**WHAT YOU ARE ASKED TO DO:**
Would you output all the entries below without altering a word?

**TASK INPUT:**
════════════════════
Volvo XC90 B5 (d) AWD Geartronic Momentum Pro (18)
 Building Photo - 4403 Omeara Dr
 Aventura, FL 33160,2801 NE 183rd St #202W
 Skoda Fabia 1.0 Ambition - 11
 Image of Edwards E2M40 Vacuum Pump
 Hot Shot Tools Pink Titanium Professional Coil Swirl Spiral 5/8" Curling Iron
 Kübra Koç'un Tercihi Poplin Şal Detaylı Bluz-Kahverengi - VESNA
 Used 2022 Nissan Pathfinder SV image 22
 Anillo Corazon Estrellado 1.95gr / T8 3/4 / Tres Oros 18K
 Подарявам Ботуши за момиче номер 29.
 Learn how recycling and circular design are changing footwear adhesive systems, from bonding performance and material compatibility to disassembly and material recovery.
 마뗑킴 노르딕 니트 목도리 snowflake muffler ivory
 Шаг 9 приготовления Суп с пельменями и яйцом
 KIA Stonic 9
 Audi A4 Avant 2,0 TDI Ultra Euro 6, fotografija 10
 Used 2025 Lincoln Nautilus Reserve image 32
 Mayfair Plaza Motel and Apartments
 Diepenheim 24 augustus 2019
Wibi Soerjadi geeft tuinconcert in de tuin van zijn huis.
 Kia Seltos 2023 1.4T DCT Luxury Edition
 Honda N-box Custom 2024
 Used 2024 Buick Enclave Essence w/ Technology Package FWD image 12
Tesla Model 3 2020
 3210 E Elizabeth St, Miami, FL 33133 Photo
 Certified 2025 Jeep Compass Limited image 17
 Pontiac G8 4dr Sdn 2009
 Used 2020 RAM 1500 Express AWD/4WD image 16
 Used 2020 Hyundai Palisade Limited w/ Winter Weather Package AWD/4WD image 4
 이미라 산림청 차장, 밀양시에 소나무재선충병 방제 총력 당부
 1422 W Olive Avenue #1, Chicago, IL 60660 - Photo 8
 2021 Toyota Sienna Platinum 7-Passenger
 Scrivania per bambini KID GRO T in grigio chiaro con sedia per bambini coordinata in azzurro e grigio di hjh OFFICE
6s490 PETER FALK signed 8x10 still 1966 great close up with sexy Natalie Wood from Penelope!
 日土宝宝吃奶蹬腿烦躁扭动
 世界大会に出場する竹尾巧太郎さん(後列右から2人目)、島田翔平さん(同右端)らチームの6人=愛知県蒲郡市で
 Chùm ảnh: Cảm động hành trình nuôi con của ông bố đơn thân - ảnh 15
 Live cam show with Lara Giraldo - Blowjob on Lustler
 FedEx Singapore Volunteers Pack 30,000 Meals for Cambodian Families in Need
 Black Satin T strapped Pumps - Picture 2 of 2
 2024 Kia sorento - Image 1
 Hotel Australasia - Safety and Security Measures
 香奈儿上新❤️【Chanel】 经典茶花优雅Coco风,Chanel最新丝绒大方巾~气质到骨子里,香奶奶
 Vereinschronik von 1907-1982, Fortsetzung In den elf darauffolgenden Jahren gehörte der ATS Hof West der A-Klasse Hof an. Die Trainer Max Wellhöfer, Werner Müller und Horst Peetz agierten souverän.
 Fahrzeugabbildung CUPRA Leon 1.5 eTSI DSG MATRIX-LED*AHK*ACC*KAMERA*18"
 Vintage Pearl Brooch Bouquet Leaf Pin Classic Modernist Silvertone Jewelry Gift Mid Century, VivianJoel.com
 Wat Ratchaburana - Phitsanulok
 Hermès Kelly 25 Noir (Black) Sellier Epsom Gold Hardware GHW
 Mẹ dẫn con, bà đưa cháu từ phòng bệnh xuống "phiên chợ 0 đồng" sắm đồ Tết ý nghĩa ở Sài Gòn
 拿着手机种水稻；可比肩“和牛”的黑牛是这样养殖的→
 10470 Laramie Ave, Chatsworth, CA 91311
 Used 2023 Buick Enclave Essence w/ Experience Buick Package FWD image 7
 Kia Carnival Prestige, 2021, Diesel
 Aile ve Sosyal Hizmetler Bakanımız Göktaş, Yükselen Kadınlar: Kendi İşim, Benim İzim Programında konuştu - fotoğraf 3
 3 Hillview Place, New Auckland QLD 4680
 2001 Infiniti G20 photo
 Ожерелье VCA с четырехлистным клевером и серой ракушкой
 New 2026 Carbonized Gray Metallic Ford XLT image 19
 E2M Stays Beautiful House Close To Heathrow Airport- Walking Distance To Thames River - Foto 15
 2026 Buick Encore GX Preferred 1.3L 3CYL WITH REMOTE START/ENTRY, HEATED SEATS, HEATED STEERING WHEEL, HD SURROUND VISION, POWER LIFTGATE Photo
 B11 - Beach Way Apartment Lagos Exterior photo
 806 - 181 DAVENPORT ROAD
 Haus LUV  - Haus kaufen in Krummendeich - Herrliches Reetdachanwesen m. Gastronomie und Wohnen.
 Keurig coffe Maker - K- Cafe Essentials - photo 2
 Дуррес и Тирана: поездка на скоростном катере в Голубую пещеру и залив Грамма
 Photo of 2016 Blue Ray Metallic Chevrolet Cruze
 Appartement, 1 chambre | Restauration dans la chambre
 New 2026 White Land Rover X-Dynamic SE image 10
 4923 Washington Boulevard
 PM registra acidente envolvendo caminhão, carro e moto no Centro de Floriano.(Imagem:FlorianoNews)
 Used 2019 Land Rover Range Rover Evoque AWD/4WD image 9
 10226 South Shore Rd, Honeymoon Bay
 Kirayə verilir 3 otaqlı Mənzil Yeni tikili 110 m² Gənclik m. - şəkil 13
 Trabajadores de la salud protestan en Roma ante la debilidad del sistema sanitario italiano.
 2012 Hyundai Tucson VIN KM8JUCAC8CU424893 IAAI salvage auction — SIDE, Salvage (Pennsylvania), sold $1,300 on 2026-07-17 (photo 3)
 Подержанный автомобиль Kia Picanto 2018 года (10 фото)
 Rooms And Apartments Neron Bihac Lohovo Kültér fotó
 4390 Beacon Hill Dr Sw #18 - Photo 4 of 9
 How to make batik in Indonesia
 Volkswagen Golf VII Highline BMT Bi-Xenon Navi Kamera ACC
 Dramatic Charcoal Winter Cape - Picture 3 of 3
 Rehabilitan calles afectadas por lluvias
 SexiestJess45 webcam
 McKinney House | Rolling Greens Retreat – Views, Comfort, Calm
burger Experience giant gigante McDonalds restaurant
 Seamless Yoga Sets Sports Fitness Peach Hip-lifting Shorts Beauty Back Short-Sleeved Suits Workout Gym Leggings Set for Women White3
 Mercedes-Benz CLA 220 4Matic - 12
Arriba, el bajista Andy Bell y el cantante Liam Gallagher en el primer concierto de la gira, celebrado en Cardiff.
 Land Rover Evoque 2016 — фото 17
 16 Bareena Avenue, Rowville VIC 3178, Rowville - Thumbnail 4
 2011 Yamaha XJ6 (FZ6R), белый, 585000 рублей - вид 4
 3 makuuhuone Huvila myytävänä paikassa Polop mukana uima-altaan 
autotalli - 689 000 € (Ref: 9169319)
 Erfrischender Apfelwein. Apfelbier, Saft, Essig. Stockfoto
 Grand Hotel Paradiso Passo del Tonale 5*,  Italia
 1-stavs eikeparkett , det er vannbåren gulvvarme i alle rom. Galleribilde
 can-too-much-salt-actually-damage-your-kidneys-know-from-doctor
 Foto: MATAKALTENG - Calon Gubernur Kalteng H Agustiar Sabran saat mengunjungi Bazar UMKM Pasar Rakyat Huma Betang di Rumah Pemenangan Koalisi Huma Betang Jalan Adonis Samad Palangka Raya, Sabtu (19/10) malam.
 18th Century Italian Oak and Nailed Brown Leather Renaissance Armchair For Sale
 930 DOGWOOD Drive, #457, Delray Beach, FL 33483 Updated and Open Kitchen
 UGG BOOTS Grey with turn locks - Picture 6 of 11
════════════════════
**EXERCISE ANSWER:**
Volvo XC90 B5 (d) AWD Geartronic Momentum Pro (18)
 Building Photo - 4403 Omeara Dr
 Aventura, FL 33160,2801 NE 183rd St #202W
 Skoda Fabia 1.0 Ambition - 11
 Image of Edwards E2M40 Vacuum Pump
 Hot Shot Tools Pink Titanium Professional Coil Swirl Spiral 5/8" Curling Iron
 Kübra Koç'un Tercihi Poplin Şal Detaylı Bluz-Kahverengi - VESNA
 Used 2022 Nissan Pathfinder SV image 22
 Anillo Corazon Estrellado 1.95gr / T8 3/4 / Tres Oros 18K
 Подарявам Ботуши за момиче номер 29.
 Learn how recycling and circular design are changing footwear adhesive systems, from bonding performance and material compatibility to disassembly and material recovery.
 마뗑킴 노르딕 니트 목도리 snowflake muffler ivory
 Шаг 9 приготовления Суп с пельменями и яйцом
 KIA Stonic 9
 Audi A4 Avant 2,0 TDI Ultra Euro 6, fotografija 10
 Used 2025 Lincoln Nautilus Reserve image 32
 Mayfair Plaza Motel and Apartments
 Diepenheim 24 augustus 2019
Wibi Soerjadi geeft tuinconcert in de tuin van zijn huis.
 Kia Seltos 2023 1.4T DCT Luxury Edition
 Honda N-box Custom 2024
 Used 2024 Buick Enclave Essence w/ Technology Package FWD image 12
Tesla Model 3 2020
 3210 E Elizabeth St, Miami, FL 33133 Photo
 Certified 2025 Jeep Compass Limited image 17
 Pontiac G8 4dr Sdn 2009
 Used 2020 RAM 1500 Express AWD/4WD image 16
 Used 2020 Hyundai Palisade Limited w/ Winter Weather Package AWD/4WD image 4
 이미라 산림청 차장, 밀양시에 소나무재선충병 방제 총력 당부
 1422 W Olive Avenue #1, Chicago, IL 60660 - Photo 8
 2021 Toyota Sienna Platinum 7-Passenger
 Scrivania per bambini KID GRO T in grigio chiaro con sedia per bambini coordinata in azzurro e grigio di hjh OFFICE
6s490 PETER FALK signed 8x10 still 1966 great close up with sexy Natalie Wood from Penelope!
 日土宝宝吃奶蹬腿烦躁扭动
 世界大会に出場する竹尾巧太郎さん(後列右から2人目)、島田翔平さん(同右端)らチームの6人=愛知県蒲郡市で
 Chùm ảnh: Cảm động hành trình nuôi con của ông bố đơn thân - ảnh 15
 Live cam show with Lara Giraldo - Blowjob on Lustler
 FedEx Singapore Volunteers Pack 30,000 Meals for Cambodian Families in Need
 Black Satin T strapped Pumps - Picture 2 of 2
 2024 Kia sorento - Image 1
 Hotel Australasia - Safety and Security Measures
 香奈儿上新❤️【Chanel】 经典茶花优雅Coco风,Chanel最新丝绒大方巾~气质到骨子里,香奶奶
 Vereinschronik von 1907-1982, Fortsetzung In den elf darauffolgenden Jahren gehörte der ATS Hof West der A-Klasse Hof an. Die Trainer Max Wellhöfer, Werner Müller und Horst Peetz agierten souverän.
 Fahrzeugabbildung CUPRA Leon 1.5 eTSI DSG MATRIX-LED*AHK*ACC*KAMERA*18"
 Vintage Pearl Brooch Bouquet Leaf Pin Classic Modernist Silvertone Jewelry Gift Mid Century, VivianJoel.com
 Wat Ratchaburana - Phitsanulok
 Hermès Kelly 25 Noir (Black) Sellier Epsom Gold Hardware GHW
 Mẹ dẫn con, bà đưa cháu từ phòng bệnh xuống "phiên chợ 0 đồng" sắm đồ Tết ý nghĩa ở Sài Gòn
 拿着手机种水稻；可比肩“和牛”的黑牛是这样养殖的→
 10470 Laramie Ave, Chatsworth, CA 91311
 Used 2023 Buick Enclave Essence w/ Experience Buick Package FWD image 7
 Kia Carnival Prestige, 2021, Diesel
 Aile ve Sosyal Hizmetler Bakanımız Göktaş, Yükselen Kadınlar: Kendi İşim, Benim İzim Programında konuştu - fotoğraf 3
 3 Hillview Place, New Auckland QLD 4680
 2001 Infiniti G20 photo
 Ожерелье VCA с четырехлистным клевером и серой ракушкой
 New 2026 Carbonized Gray Metallic Ford XLT image 19
 E2M Stays Beautiful House Close To Heathrow Airport- Walking Distance To Thames River - Foto 15
 2026 Buick Encore GX Preferred 1.3L 3CYL WITH REMOTE START/ENTRY, HEATED SEATS, HEATED STEERING WHEEL, HD SURROUND VISION, POWER LIFTGATE Photo
 B11 - Beach Way Apartment Lagos Exterior photo
 806 - 181 DAVENPORT ROAD
 Haus LUV  - Haus kaufen in Krummendeich - Herrliches Reetdachanwesen m. Gastronomie und Wohnen.
 Keurig coffe Maker - K- Cafe Essentials - photo 2
 Дуррес и Тирана: поездка на скоростном катере в Голубую пещеру и залив Грамма
 Photo of 2016 Blue Ray Metallic Chevrolet Cruze
 Appartement, 1 chambre | Restauration dans la chambre
 New 2026 White Land Rover X-Dynamic SE image 10
 4923 Washington Boulevard
 PM registra acidente envolvendo caminhão, carro e moto no Centro de Floriano.(Imagem:FlorianoNews)
 Used 2019 Land Rover Range Rover Evoque AWD/4WD image 9
 10226 South Shore Rd, Honeymoon Bay
 Kirayə verilir 3 otaqlı Mənzil Yeni tikili 110 m² Gənclik m. - şəkil 13
 Trabajadores de la salud protestan en Roma ante la debilidad del sistema sanitario italiano.
 2012 Hyundai Tucson VIN KM8JUCAC8CU424893 IAAI salvage auction — SIDE, Salvage (Pennsylvania), sold $1,300 on 2026-07-17 (photo 3)
 Подержанный автомобиль Kia Picanto 2018 года (10 фото)
 Rooms And Apartments Neron Bihac Lohovo Kültér fotó
 4390 Beacon Hill Dr Sw #18 - Photo 4 of 9
 How to make batik in Indonesia
 Volkswagen Golf VII Highline BMT Bi-Xenon Navi Kamera ACC
 Dramatic Charcoal Winter Cape - Picture 3 of 3
 Rehabilitan calles afectadas por lluvias
 SexiestJess45 webcam
 McKinney House | Rolling Greens Retreat – Views, Comfort, Calm
burger Experience giant gigante McDonalds restaurant
 Seamless Yoga Sets Sports Fitness Peach Hip-lifting Shorts Beauty Back Short-Sleeved Suits Workout Gym Leggings Set for Women White3
 Mercedes-Benz CLA 220 4Matic - 12
Arriba, el bajista Andy Bell y el cantante Liam Gallagher en el primer concierto de la gira, celebrado en Cardiff.
 Land Rover Evoque 2016 — фото 17
 16 Bareena Avenue, Rowville VIC 3178, Rowville - Thumbnail 4
 2011 Yamaha XJ6 (FZ6R), белый, 585000 рублей - вид 4
 3 makuuhuone Huvila myytävänä paikassa Polop mukana uima-altaan 
autotalli - 689 000 € (Ref: 9169319)
 Erfrischender Apfelwein. Apfelbier, Saft, Essig. Stockfoto
 Grand Hotel Paradiso Passo del Tonale 5*,  Italia
 1-stavs eikeparkett , det er vannbåren gulvvarme i alle rom. Galleribilde
 can-too-much-salt-actually-damage-your-kidneys-know-from-doctor
 Foto: MATAKALTENG - Calon Gubernur Kalteng H Agustiar Sabran saat mengunjungi Bazar UMKM Pasar Rakyat Huma Betang di Rumah Pemenangan Koalisi Huma Betang Jalan Adonis Samad Palangka Raya, Sabtu (19/10) malam.
 18th Century Italian Oak and Nailed Brown Leather Renaissance Armchair For Sale
 930 DOGWOOD Drive, #457, Delray Beach, FL 33483 Updated and Open Kitchen
 UGG BOOTS Grey with turn locks - Picture 6 of 11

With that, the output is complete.